[ASSIGNED TASK] Once the pictures are set aside, copy the data below exactly as it stands.

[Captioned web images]

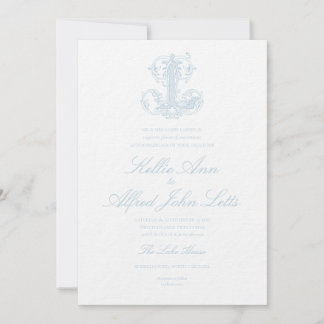 Light Blue "L" Monogram Wedding Invitation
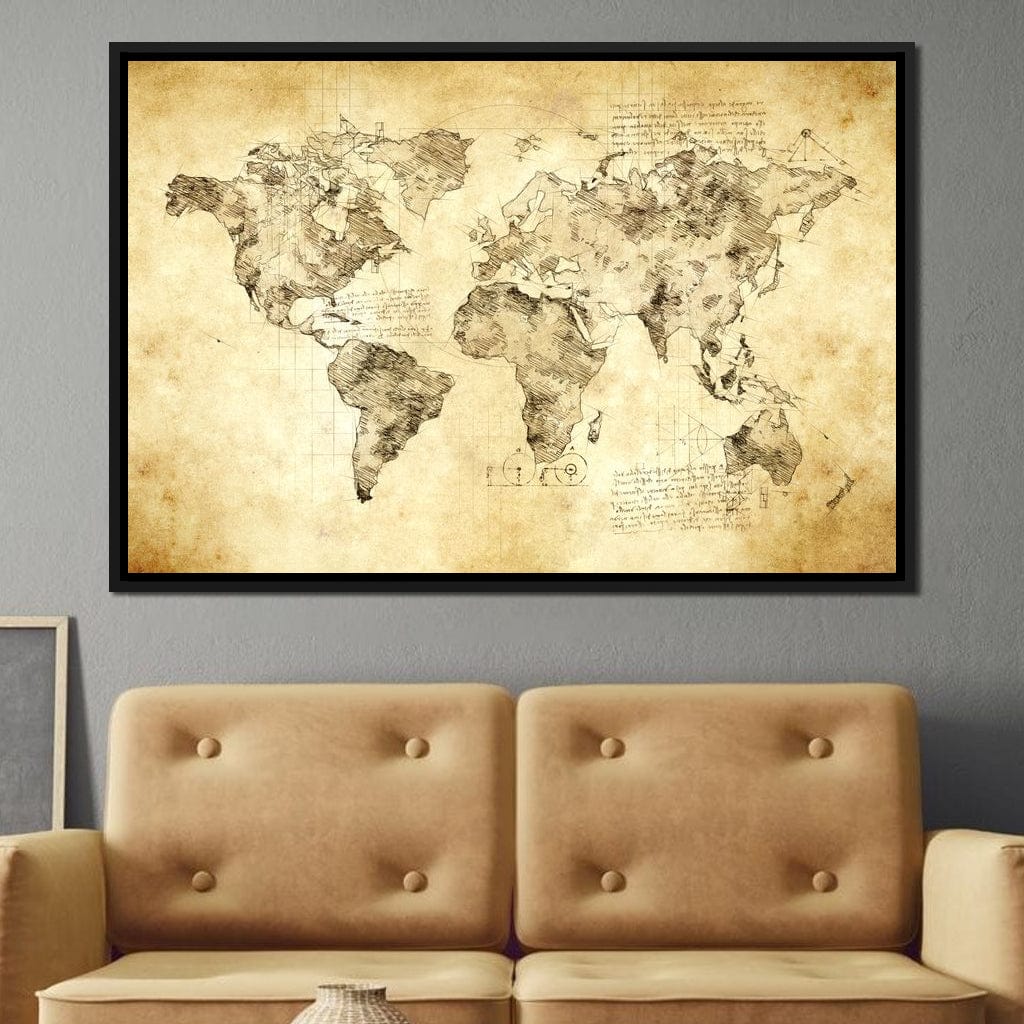World Map Da Vinci - Mateo Canvas Wall Art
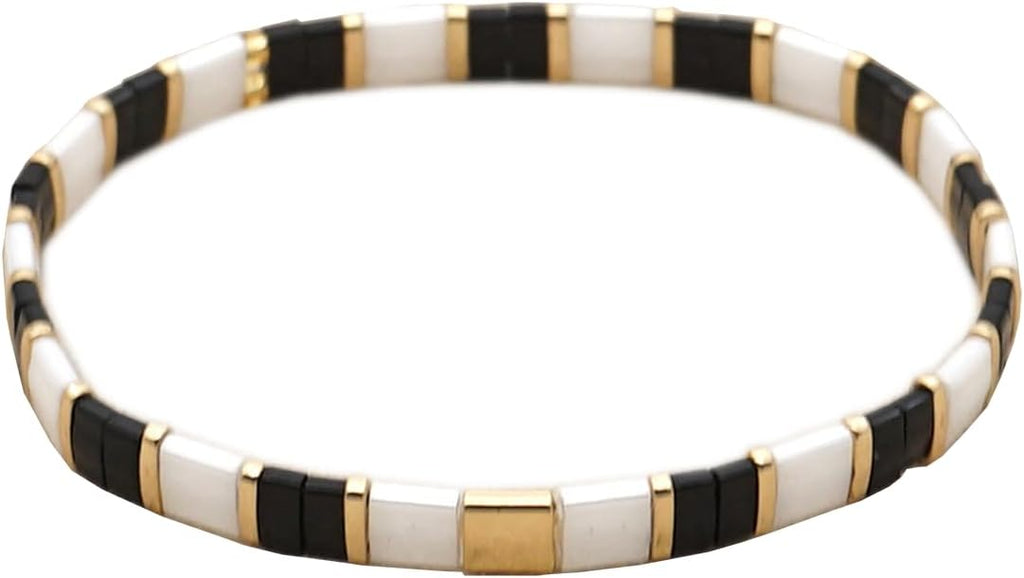 Sonateomber Tila Flat Beaded Stretch Bracelets for Women, Trendy Unique Colorful Square Beads Handmade Stack Bracelet Friendship Accessories Fashion Jewelry Gift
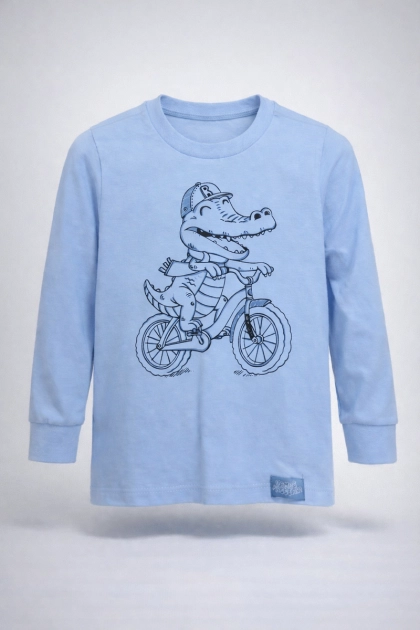 Camiseta By Gus Manga Longa Crocodilo Bebê Masculina Azul Produto Camiseta By Gus Manga Longa Crocodilo Bebê Masculina Azul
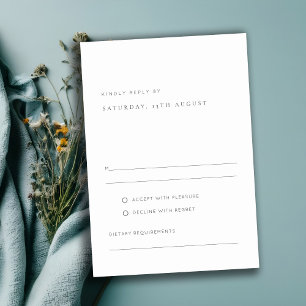 Minimale einfache Schwarz-Weiß-Typografie-Hochzeit RSVP Karte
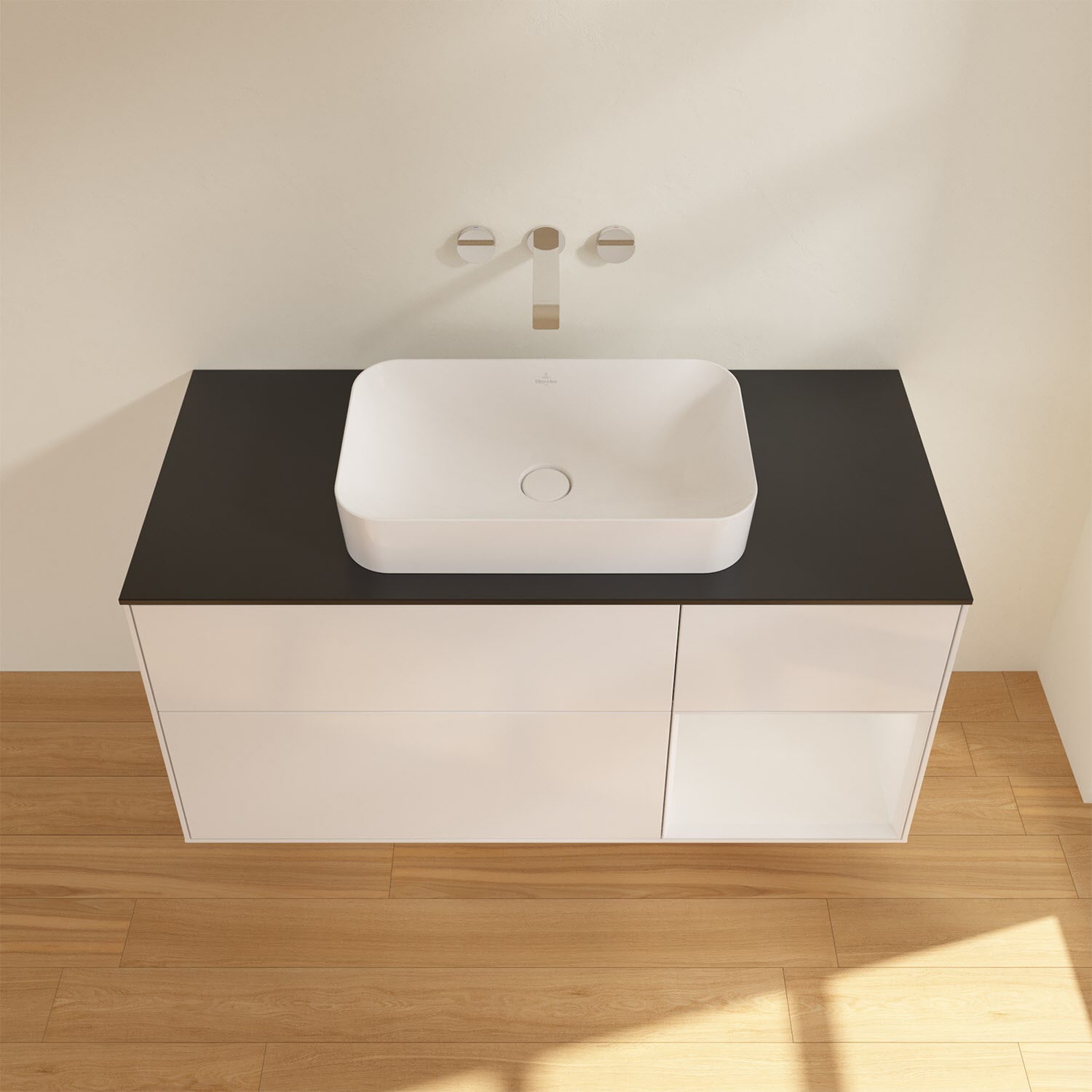 Villeroy & Boch Finion Waschtischunterschrank 120 cm mit Regalelement rechts und Abdeckplatte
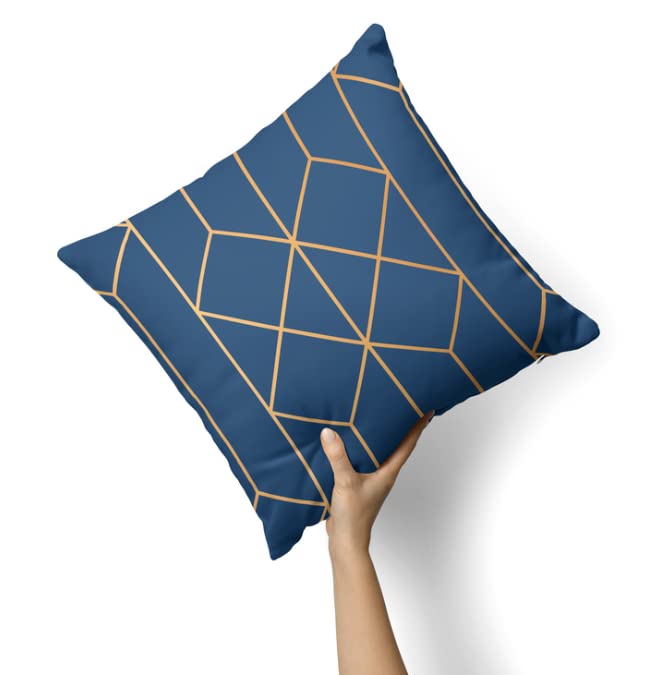 Canvas Tableau Cushion Cover in Blue & Gold, 40x40 cm, a durable decorative pillow with an elegant and artistic design, creating a sophisticated and picturesque accent for your sofa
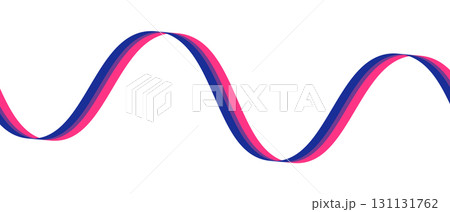 Illustration of the Bisexual Pride on Waving Ribbon. Bisexual Pride Flag Symbol of Patriotism and Freedom. 131131762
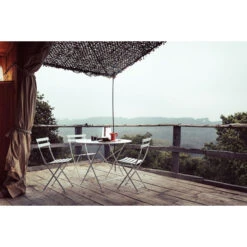 Chaise De Jardin Pliante FERMOB Bistro Métal - Gris Orage -Jardin Mobilier Magasin 010126 chaise jardin pliante fermob bistro metal gris orage ambiance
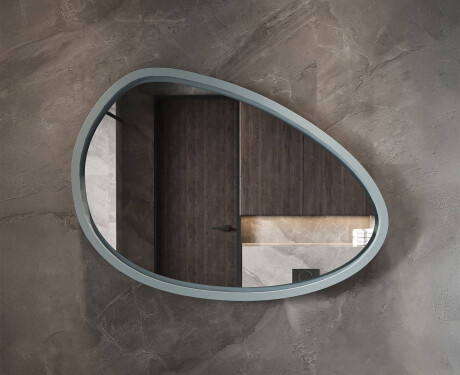 Asymmetrical LED mirror with a lacquered MDF frame L310 #7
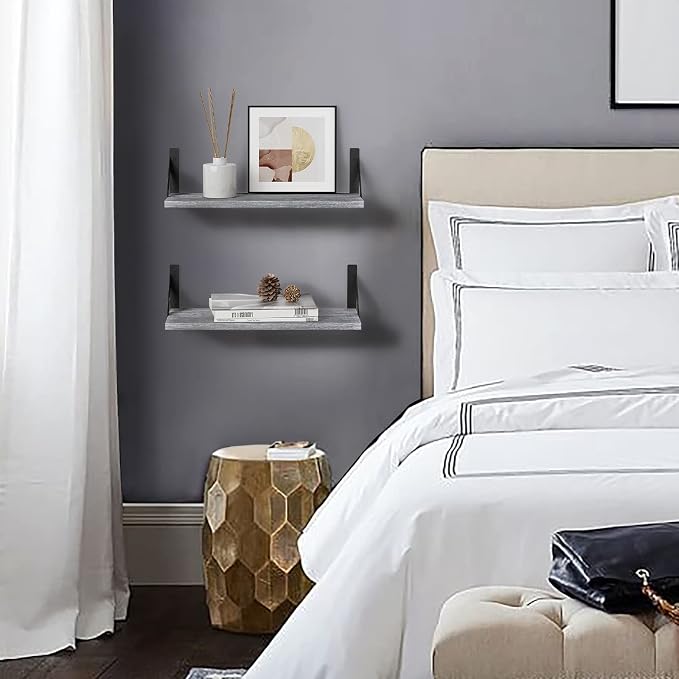 Forbena Grey Floating Shelves for Wall Decor Set of 3, Floating Book Shelves - Image 7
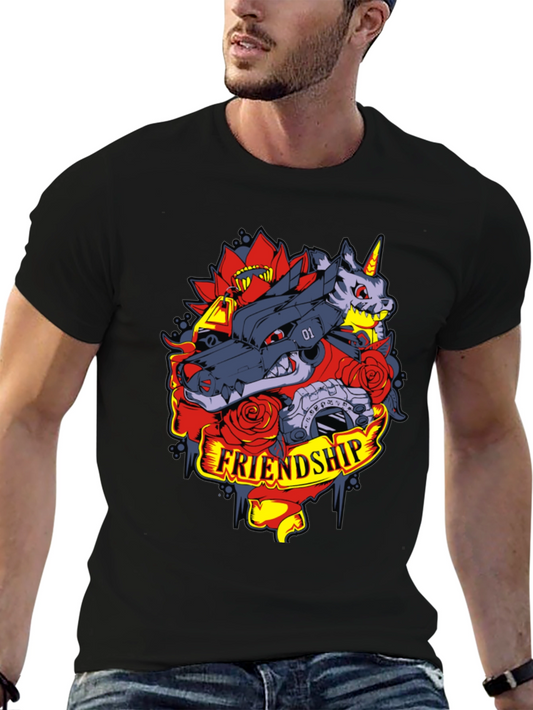 Friendship T-Shirt - Wolf & Unicorn Cat Design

[ANSWER BOX]
 Light Blue "L" Monogram Wedding Invitation
World Map Da Vinci - Mateo Canvas Wall Art
 Sonateomber Tila Flat Beaded Stretch Bracelets for Women, Trendy Unique Colorful Square Beads Handmade Stack Bracelet Friendship Accessories Fashion Jewelry Gift
 Camiseta By Gus Manga Longa Crocodilo Bebê Masculina Azul Produto Camiseta By Gus Manga Longa Crocodilo Bebê Masculina Azul
 Minimale einfache Schwarz-Weiß-Typografie-Hochzeit RSVP Karte
 Villeroy & Boch Finion Waschtischunterschrank 120 cm mit Regalelement rechts und Abdeckplatte
 Canvas Tableau Cushion Cover in Blue & Gold, 40x40 cm, a durable decorative pillow with an elegant and artistic design, creating a sophisticated and picturesque accent for your sofa
 Illustration of the Bisexual Pride on Waving Ribbon. Bisexual Pride Flag Symbol of Patriotism and Freedom. 131131762
 Chaise De Jardin Pliante FERMOB Bistro Métal - Gris Orage -Jardin Mobilier Magasin 010126 chaise jardin pliante fermob bistro metal gris orage ambiance
 Asymmetrical LED mirror with a lacquered MDF frame L310 #7
 Forbena Grey Floating Shelves for Wall Decor Set of 3, Floating Book Shelves - Image 7
 Friendship T-Shirt - Wolf & Unicorn Cat Design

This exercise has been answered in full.